*Data provided*:
• • • • •

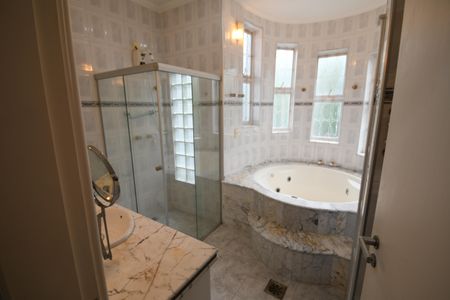 Casa à venda com 386m², 5 quartos e 4 vagasBanheiro Suíte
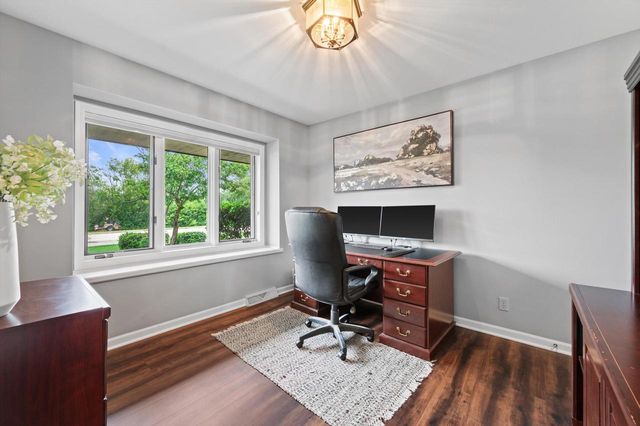 W163N7576 Tamarack TRAIL, Menomonee Falls, WI 53051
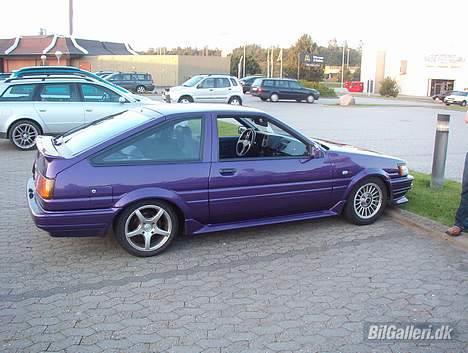 Toyota Corolla Coupé 1,6GT SOLGT - Første gang jeg var nede og se bilen, hentede den så en uge efter. billede 1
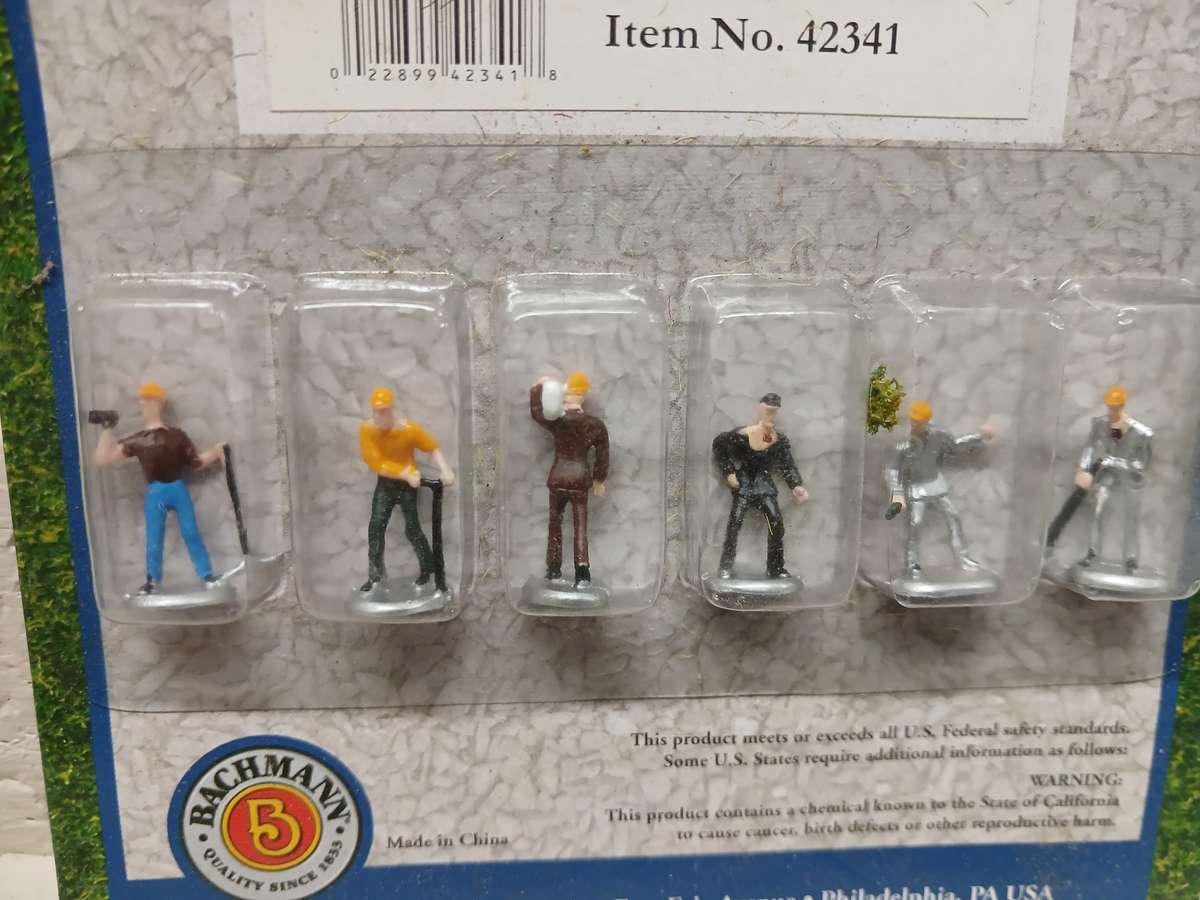 HO SCALE - BACHMANN - X6 TRAIN WORK CREW FIGURINE SET - BOXED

• • • • •

*Task details*:
In your output, repeat the listing above exactly and include none of the pictures.

*Solved problem*:
 Casa à venda com 386m², 5 quartos e 4 vagasBanheiro Suíte
 W163N7576 Tamarack TRAIL, Menomonee Falls, WI 53051
 Toyota Corolla Coupé 1,6GT SOLGT - Første gang jeg var nede og se bilen, hentede den så en uge efter. billede 1
 HO SCALE - BACHMANN - X6 TRAIN WORK CREW FIGURINE SET - BOXED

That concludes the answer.